__SUPPLIED RECORDS__
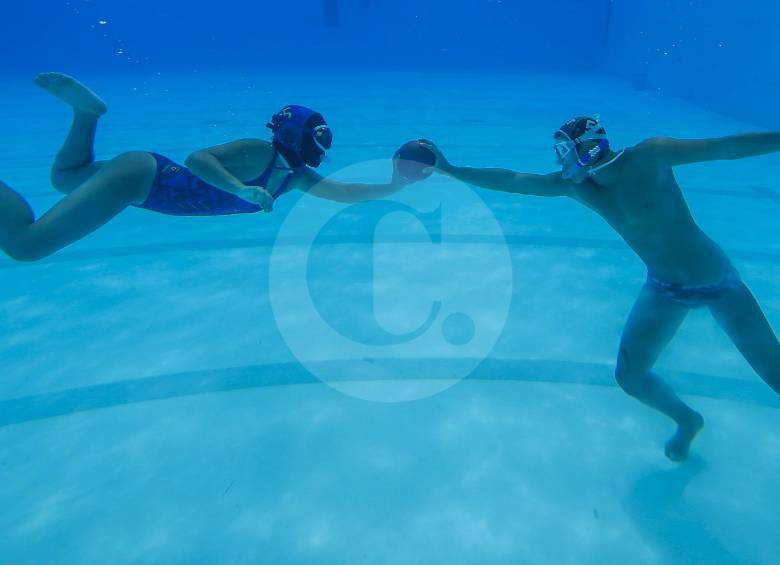 Héctor y Margarita, dos de las promesas del rugby subacuático de Antioquia y Colombia. FOTO JULIO CÉSAR HERRERA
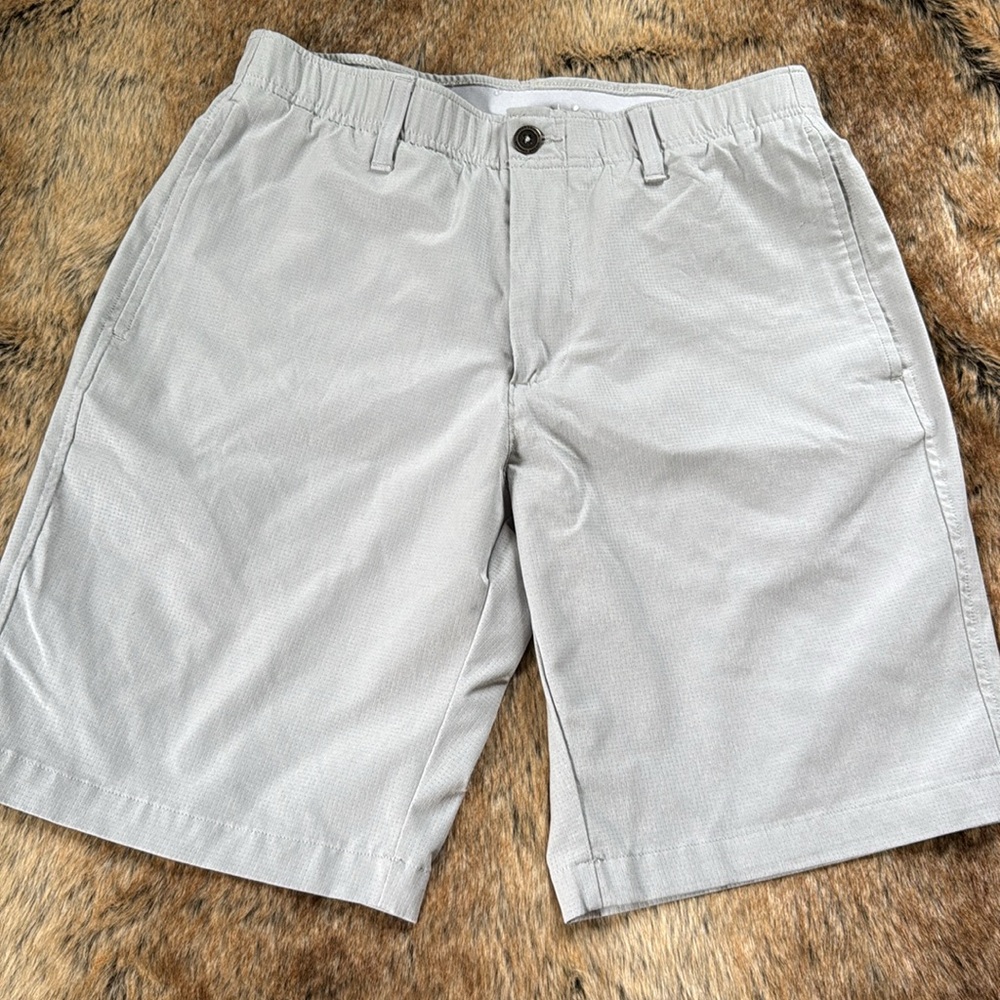 Under Armour Light Grey Men's Shorts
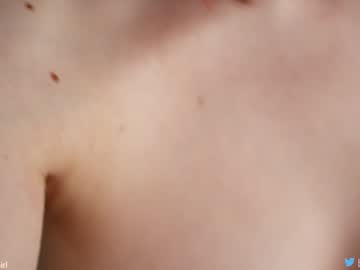 girl
        _blackbee_ cam image #621557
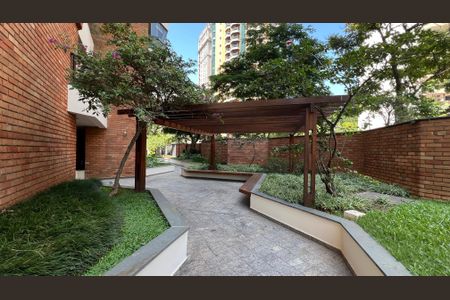 Apartamento à venda com 240m², 3 quartos e 3 vagas Apartamento à venda com 240m², 3 quartos e 3 vagasÁrea comum
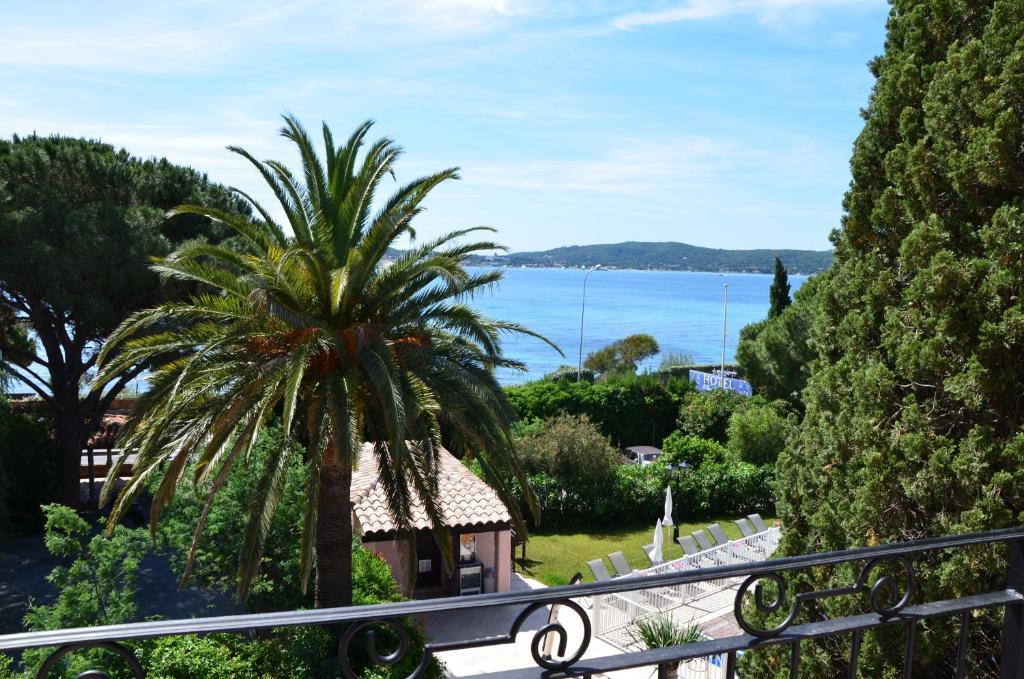 Luxury Double Room with Balcony and Sea View,521788569:JPEG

__EXERCISE OBJECTIVE__
Copy every record exactly, without the pictures.

__YOUR RESPONSE__
 Héctor y Margarita, dos de las promesas del rugby subacuático de Antioquia y Colombia. FOTO JULIO CÉSAR HERRERA
 Under Armour Light Grey Men's Shorts
 girl
        _blackbee_ cam image #621557
 Apartamento à venda com 240m², 3 quartos e 3 vagas Apartamento à venda com 240m², 3 quartos e 3 vagasÁrea comum
 Luxury Double Room with Balcony and Sea View,521788569:JPEG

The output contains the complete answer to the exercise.